Whenever I told people I was writing this book, they would inevitably recommend a favorite moment. The one they recommended most happened March 24, 2001. On that day, in Tucson, Hall of Fame pitcher Randy Johnson was facing San Francisco Giants center fielder Calvin Murray. He fired a fastball.

Three‑quarters of the way to home plate, the ball hit a dove that had flown in its path.

“I’m expecting to catch this ball,” Arizona catcher Rod Barajas said, “and all I see is an explosion.”

For months, I went back and forth about the moment. “You have to,” one friend told me. “It’s the funniest moment in baseball history.”

Is it, though? I mean, I guess you could make the argument if you don’t think too hard about the bird. In the end I decided to not include it -- or at least not to give it more space than this.

Here are five funny moments:

DAVID HULSE’S FOUL BALLS (OCTOBER 3, 1992)

The Rangers and Angels, two going‑nowhere teams, were playing out the season. Ninth inning. Texas trailed 4–2 with one out. Rangers’ rookie David Hulse stepped to the plate against Angels’ closer Joe Grahe.
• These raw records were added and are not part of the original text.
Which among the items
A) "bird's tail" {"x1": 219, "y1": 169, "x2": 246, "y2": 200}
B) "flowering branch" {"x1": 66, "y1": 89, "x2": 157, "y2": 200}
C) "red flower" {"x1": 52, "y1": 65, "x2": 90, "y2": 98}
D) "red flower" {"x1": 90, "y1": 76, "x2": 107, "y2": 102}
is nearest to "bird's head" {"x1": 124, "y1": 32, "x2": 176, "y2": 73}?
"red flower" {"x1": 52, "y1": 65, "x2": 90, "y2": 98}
Hulse, a left‑handed batter, was late on the first pitch and he fouled it hard into the Angels’ dugout on the third‑base side. The Angels’ players scattered a bit and then, as players often do when foul balls come flying in, made various hand gestures toward Hulse as if to say, “Hey,
what did we do?”

On the next pitch, Hulse slapped the ball hard into the Angels’ dugout again. More silliness. A security guard waved a white towel in surrender and an Angels’ player got up to get his glove for protection.

This sort of thing happens now and again.

But on the next pitch, Hulse smashed ANOTHER ball into the Angels’ dugout. And that doesn’t happen. Three in a row? Now all the Angels’ players and personnel, every last one of them, moved into the other corner of the dugout. The announcers were laughing so hard they couldn’t even broadcast the game.

“Look at them all bunched up over there,” one said.

Hulse smiled and shook his head. He was still a rookie trying to prove he belonged in the major leagues. He needed to concentrate. Grahe’s next pitch was up. Hulse swung . . . and he fouled the ball hard into the Angels’ dugout for the fourth time.

“Obviously, I didn’t do it on purpose,” he would say. “Hell, if I could do it on purpose, I’d be in the Hall of Fame.”

It was wonderful. Hulse received a standing ovation from the crowd when he grounded out on the next pitch. He would say it was the only standing ovation he ever received.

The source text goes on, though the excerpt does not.